If x is an integer, is |x| > 1?

First of all: is \(|x| > 1\) means is \(x<-1\) (-2, -3, -4, ...) or \(x>1\) (2, 3, 4, ...), so for YES answer \(x\) can be any integer but -1, 0, and 1.

(1) (1 - 2x)(1 + x) < 0 --> rewrite as \((2x-1)(x+1)>0\) (so that the coefficient of x^2 to be positive after expanding): roots are \(x=-1\) and \(x=\frac{1}{2}\) --> "\(>\)" sign means that the given inequality holds true for: \(x<-1\) and \(x>\frac{1}{2}\). \(x\) could still equal to 1, so not sufficient.

(2) (1 - x)(1 + 2x) < 0 --> rewrite as \((x-1)(2x+1)>0\): roots are \(x=-\frac{1}{2}\) and \(x=1\) --> "\(>\)" sign means that the given inequality holds true for: \(x<-\frac{1}{2}\) and \(x>1\). \(x\) could still equal to -1, so not sufficient.

(1)+(2) Intersection of the ranges from (1) and (2) is \(x<-1\) and \(x>1\). Sufficient.

roots are x=-1 and x=1/2 and --> ">" sign means that the given inequality holds true for: x<-1 and x>1/2 ... can you please help me with this concept and what will happen if sign was "<"..further, will it be right in stating that when there is a positive sign, x is greater than the positive root and x is less than the negative root?

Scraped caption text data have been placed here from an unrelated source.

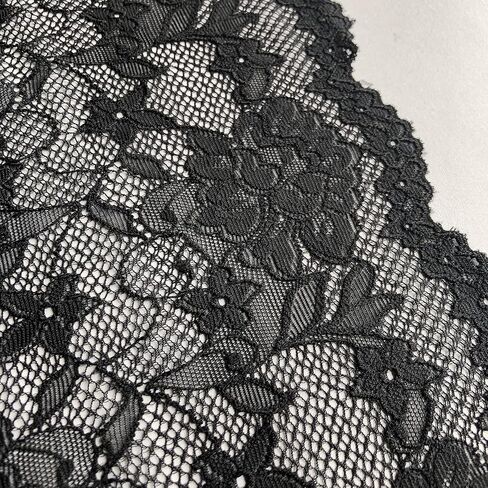 Olive Lace 7 inches Wide White Stretchy lace with Floral Pattern for Bridal Wedding Decorations, Sewing DIY Making and DIY Crafts- 5 Yards (6128 White) in Saudi Arabia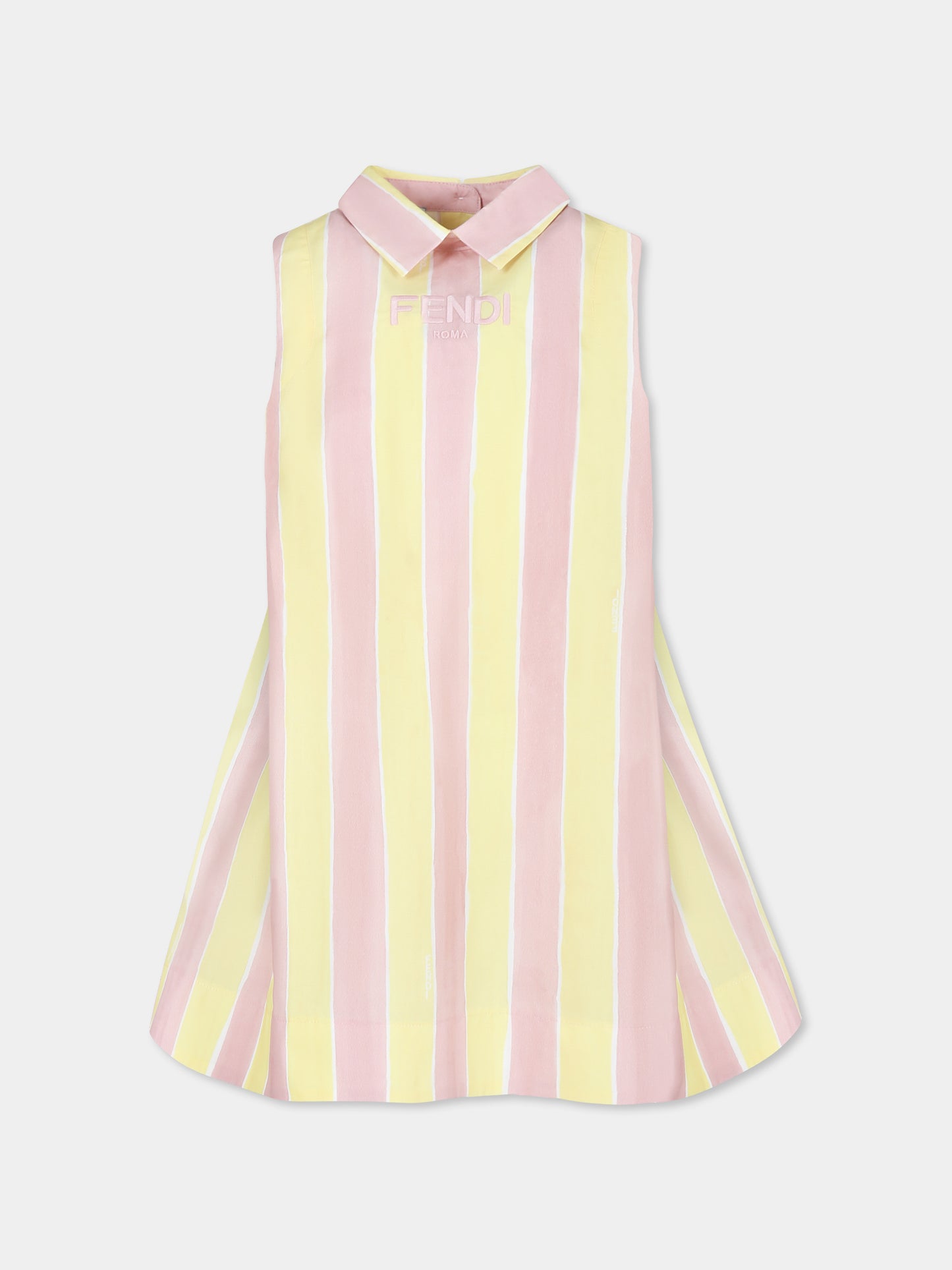 Multicolor dress for girl with logo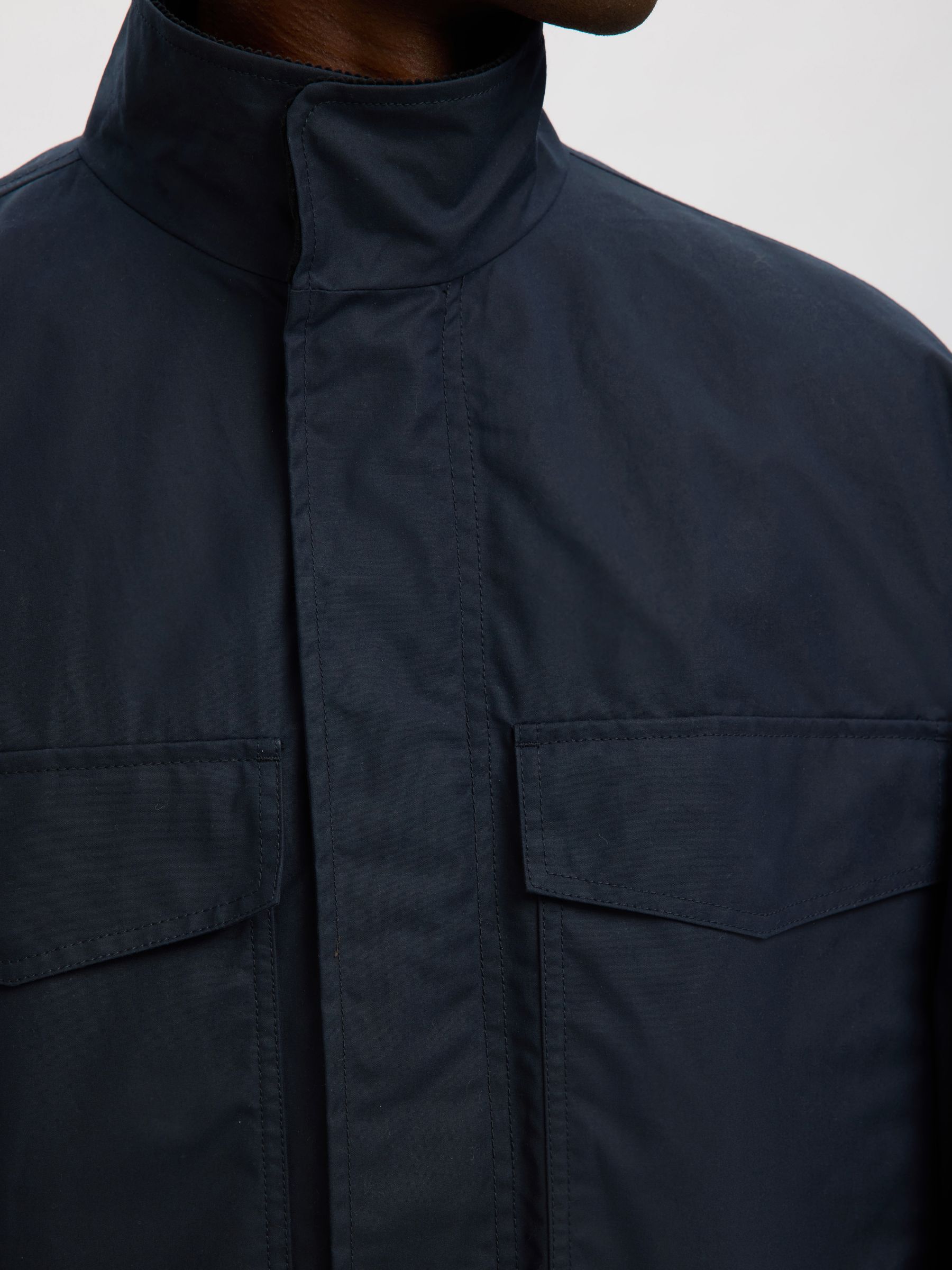 GEWACHSTE BAUMWOLL JACKE, Sky Captain, highres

roots are x=-1 and x=1/2 and --> ">" sign means that the given inequality holds true for: x<-1 and x>1/2 ... can you please help me with this concept and what will happen if sign was "<"..further, will it be right in stating that when there is a positive sign, x is greater than the positive root and x is less than the negative root?

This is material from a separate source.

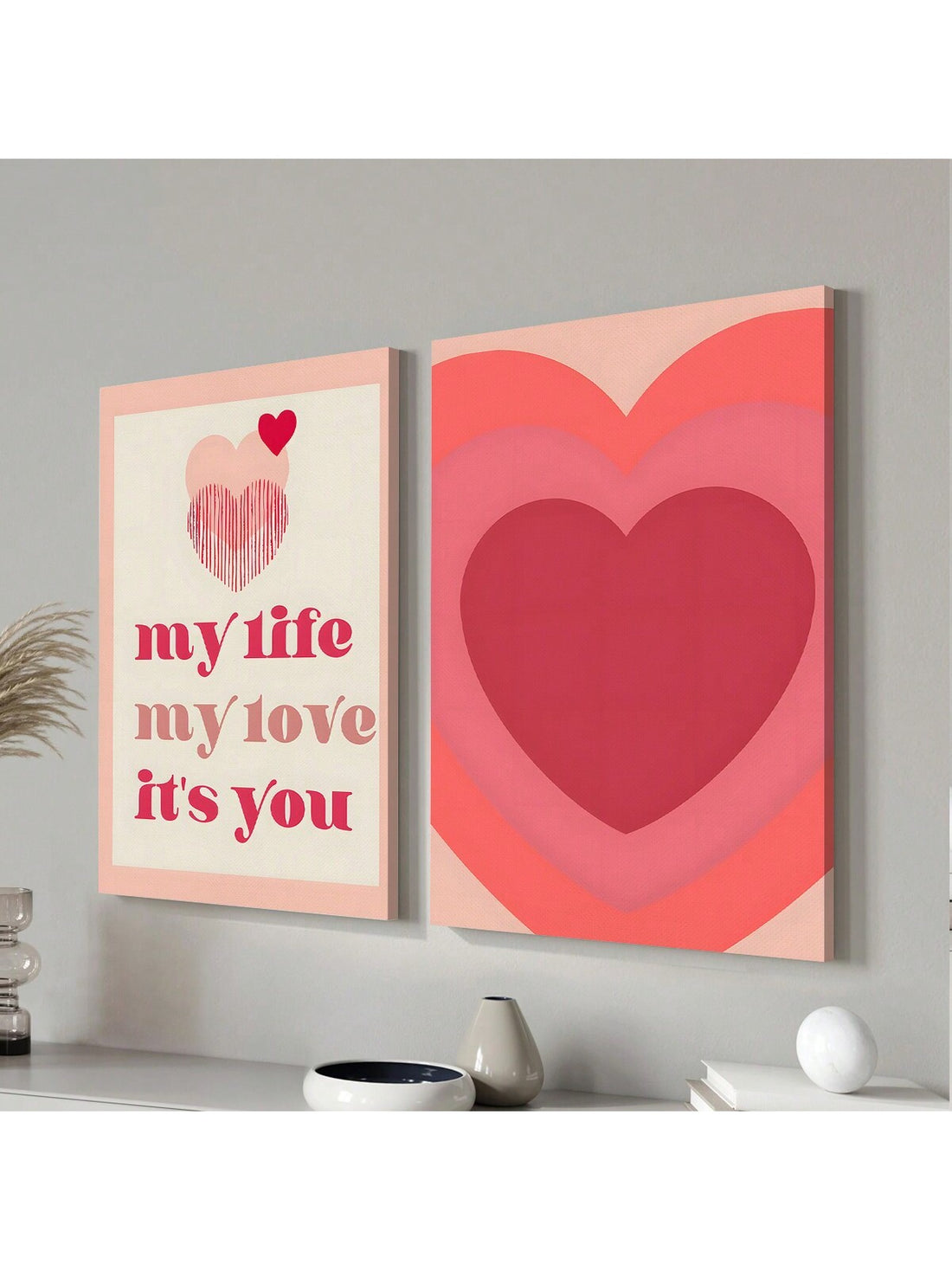 Bring love into your home with our 2-piece Valentine's Day wall art set. Beautifully crafted frames with heartfelt designs make for perfect home decor. Elevate the ambiance of any room with this love-inspired artwork. Show your affection with a thoughtful and stylish addition to your home.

This post might help to get the ranges for (1) and (2) - "How to solve quadratic inequalities - Graphic approach": x2-4x-94661.html#p731476

If x is an integer, is |x| > 1?

First of all: is \(|x| > 1\) means is \(x<-1\) (-2, -3, -4, ...) or \(x>1\) (2, 3, 4, ...), so for YES answer \(x\) can be any integer but -1, 0, and 1.

(1) (1 - 2x)(1 + x) < 0 --> rewrite as \((2x-1)(x+1)>0\) (so that the coefficient of x^2 to be positive after expanding): roots are \(x=-1\) and \(x=\frac{1}{2}\) --> "\(>\)" sign means that the given inequality holds true for: \(x<-1\) and \(x>\frac{1}{2}\). \(x\) could still equal to 1, so not sufficient.

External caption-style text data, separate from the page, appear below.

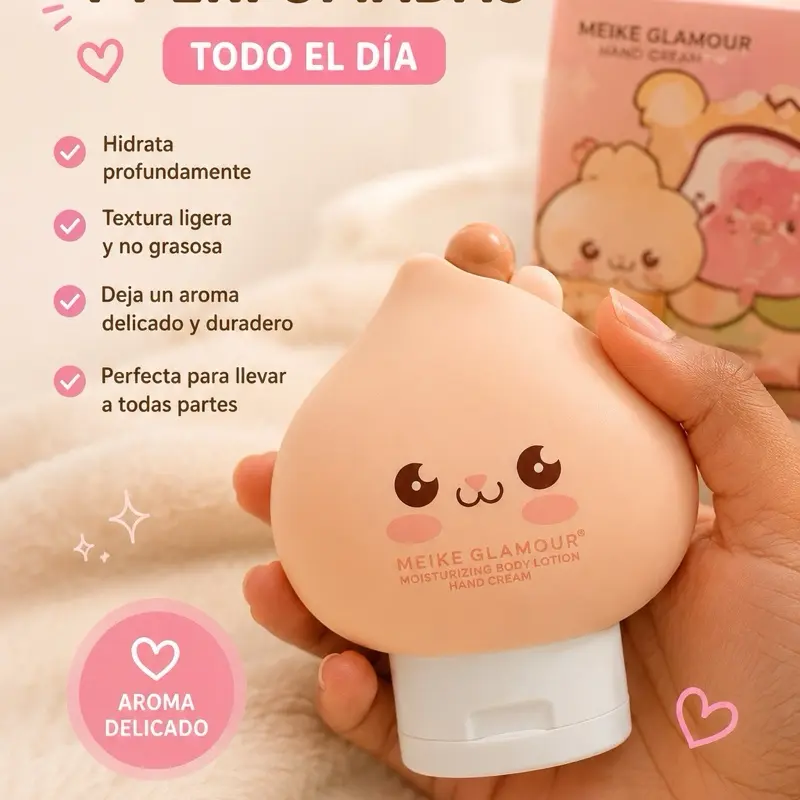 Meike Glamour Peach-Shaped Moisturizing Hand Cream & Body Lotion for Soft Nourishment 12PCS Lightweight Moisture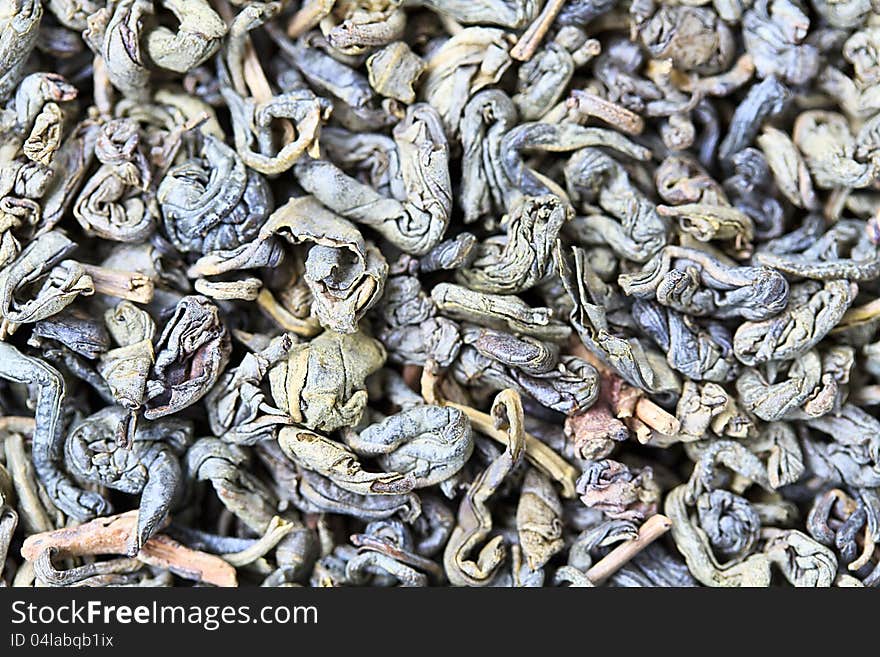 Close-up of green tea dry leaves. Close-up of green tea dry leaves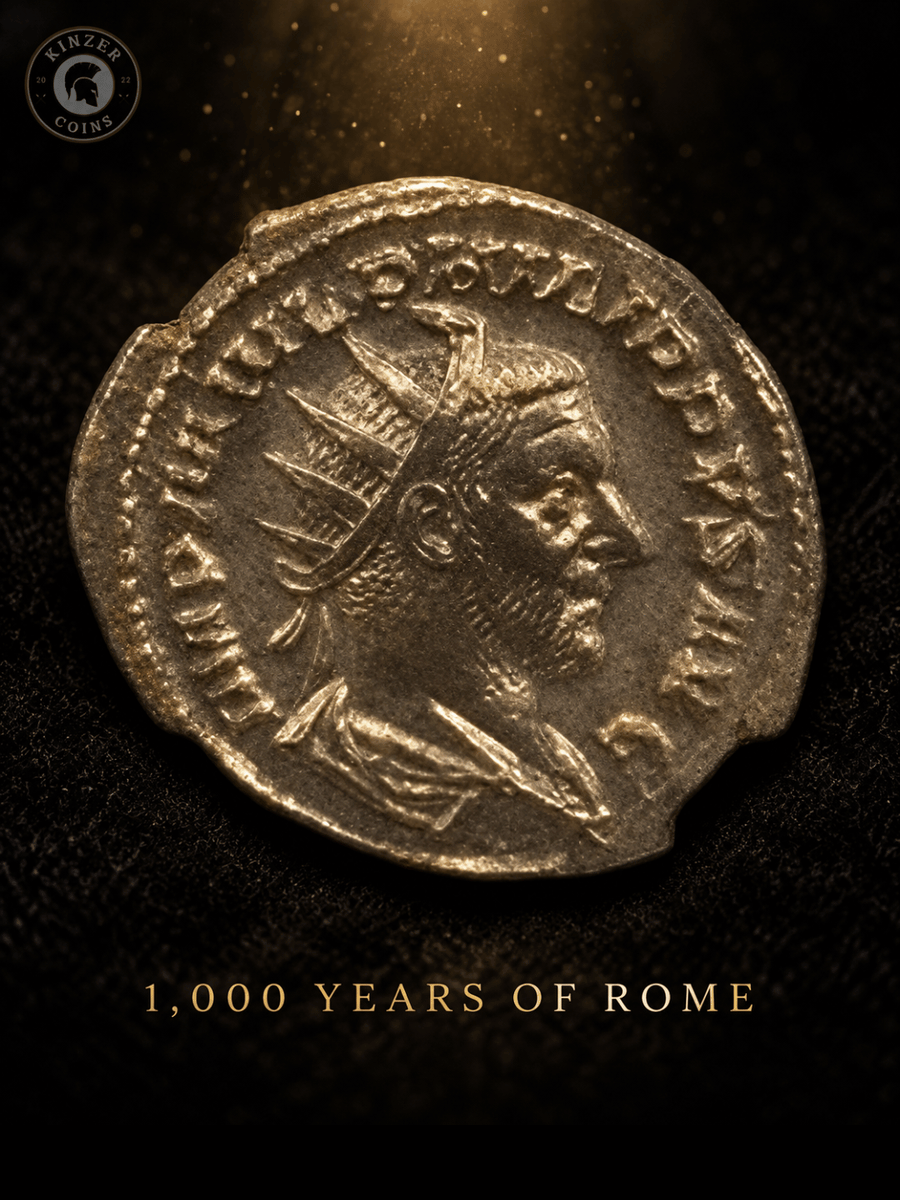 KinzerCoins's tweet photo. Born in the Arabian desert. Emperor of Rome's millennium.

Philip I ruled 244 to 249 CE and presided over Rome's 1,000th anniversary games in AD 248.

https://t.co/J40WfpyDGO

#AncientCoins #RomanEmpire https://t.co/Mxy80O48OK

(2) (1 - x)(1 + 2x) < 0 --> rewrite as \((x-1)(2x+1)>0\): roots are \(x=-\frac{1}{2}\) and \(x=1\) --> "\(>\)" sign means that the given inequality holds true for: \(x<-\frac{1}{2}\) and \(x>1\). \(x\) could still equal to -1, so not sufficient.

(1)+(2) Intersection of the ranges from (1) and (2) is \(x<-1\) and \(x>1\). Sufficient.

I have a question regarding the above solution let's say in statement 1, when you solve the inequality why do you say that x<-1 AND x >1/2

why is this an AND condition ....why not OR? If this were a quadratic equation x (can be) = 1/2 OR -1 OR both For inequality why is the same thing an AND as opposed to OR?

Solving compounded inequalities - any efficient approach? [#permalink]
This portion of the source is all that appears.